Afghan insurgents wound Dane in attack on Nato forces
Taliban insurgents attacked a Danish camp in southern Afghanistan today, seriously wounding one Nato soldier, in the third assault on Denmark’s contingent since it deployed to the volatile region last week.
A Taliban ambush in the same province yesterday killed three British soldiers and seriously wounded a fourth.
They were the first Nato deaths since Monday when the alliance assumed military control of southern Afghanistan from a US-led coalition.
The Danish soldier injured in the attack on the camp in the remote district of Musa Qala, in Helmand province, was transferred to a hospital in the city of Kandahar, the Danish Army Operational Command said in a statement. No further details were immediately available.
A raid by Afghan forces backed by coalition aircraft killed 18 Taliban militants in an insurgent hide-out in Helmand late yesterday, local police chief Ghulam Rasool said.
An Afghan policeman was killed during the battle, and four Taliban were wounded, he said.
The raid took place in the village of Habibullah near the city of Garmser, which Taliban militants seized and held for several days last month before US-led coalition troops and Afghan forces wrested it back.
Police confiscated eight AK-47s, four rocket-propelled grenades and four motorcycles, Rasool said.
Afghan forces killed 23 insurgents on Sunday in attacks on two Taliban hide-outs near Garmser.
Afghanistan is being wracked by its deadliest outbreak of violence since US-led forces toppled the Taliban regime in late 2001 for hosting Osama bin Laden. More than 900 people, mainly militants, have been killed since May.

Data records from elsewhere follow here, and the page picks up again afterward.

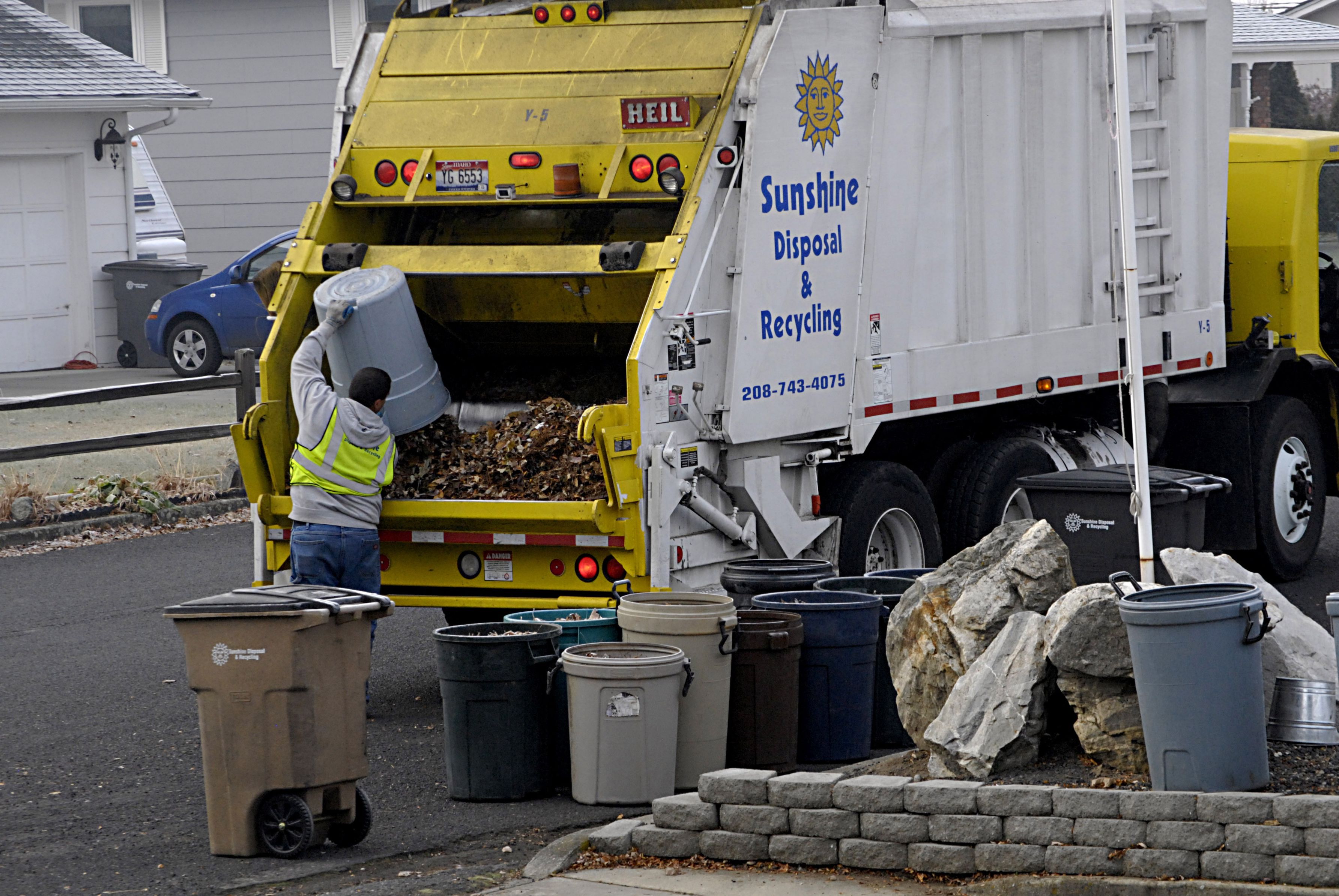 How Roll-off Dumpsters Help You Manage Commercial Waste in Chicago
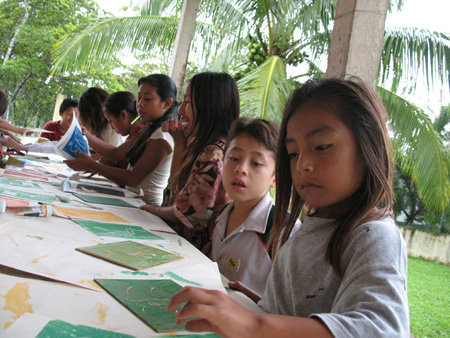 Lacanja printmaking workshop '09. Photo by M. Bartalos.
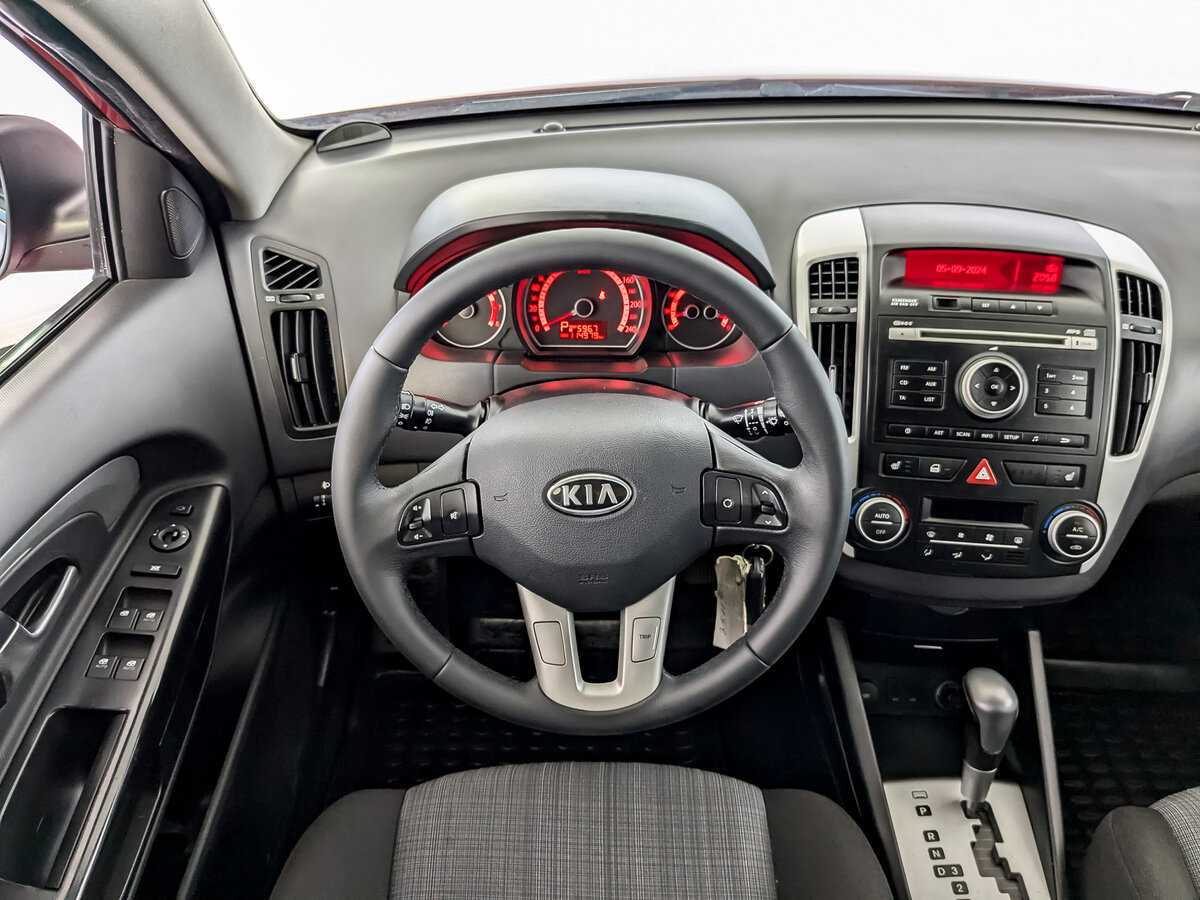 Купить Kia Ceed с пробегом. Фото: #16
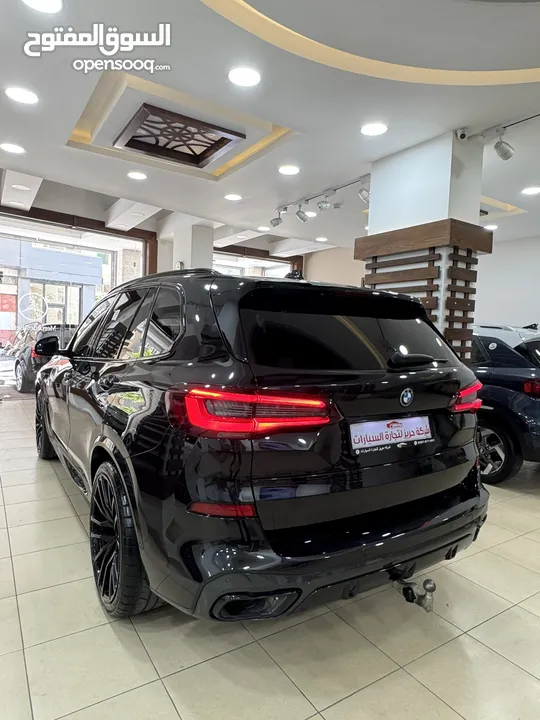 BMW X5 2022 متور 3000 بنزين وكهرباء  إضافات فل الفل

A spokesman for the US-led coalition, Colonel Tom Collins, said pamphlets from Taliban leader Mullah Omar urging Afghans to rise up against the US and its allies had recently been distributed.
He offered no further details.
The pamphlets claimed Western forces were “out to destroy Muslims” and expressed pride in suicide bombers, even those who kill innocent civilians, Collins said.
“We have intelligence reports… There’s no doubt it’s from Omar,” he said. He didn’t say whether the intelligence indicated the fugitive militia leader was in the country. Afghan officials have claimed Omar is hiding in Pakistan, which Islamabad denies.
Earlier today, an explosion destroyed an Afghan Finance Ministry car in Kabul, killing the driver and wounding a passenger and a bystander, officials said.
Finance Ministry spokesman Aziz Shams rejected speculation that the attack was a suicide bombing, saying the vehicle was part of a two-car ministry convoy and driven by a ”trusted” employee. Another Finance Ministry employee was riding in the car, Shams added.
It was not immediately clear what caused the explosion, which left a small crater in the road and shattered the windows of nearby houses. British and American soldiers cordoned off the scene as an Afghan bomb-disposal unit inspected the damaged car.
Nato spokesman Major Luke Knittig said initial police reports indicated a suicide attacker had detonated his bomb-rigged car prematurely after police tried to stop it.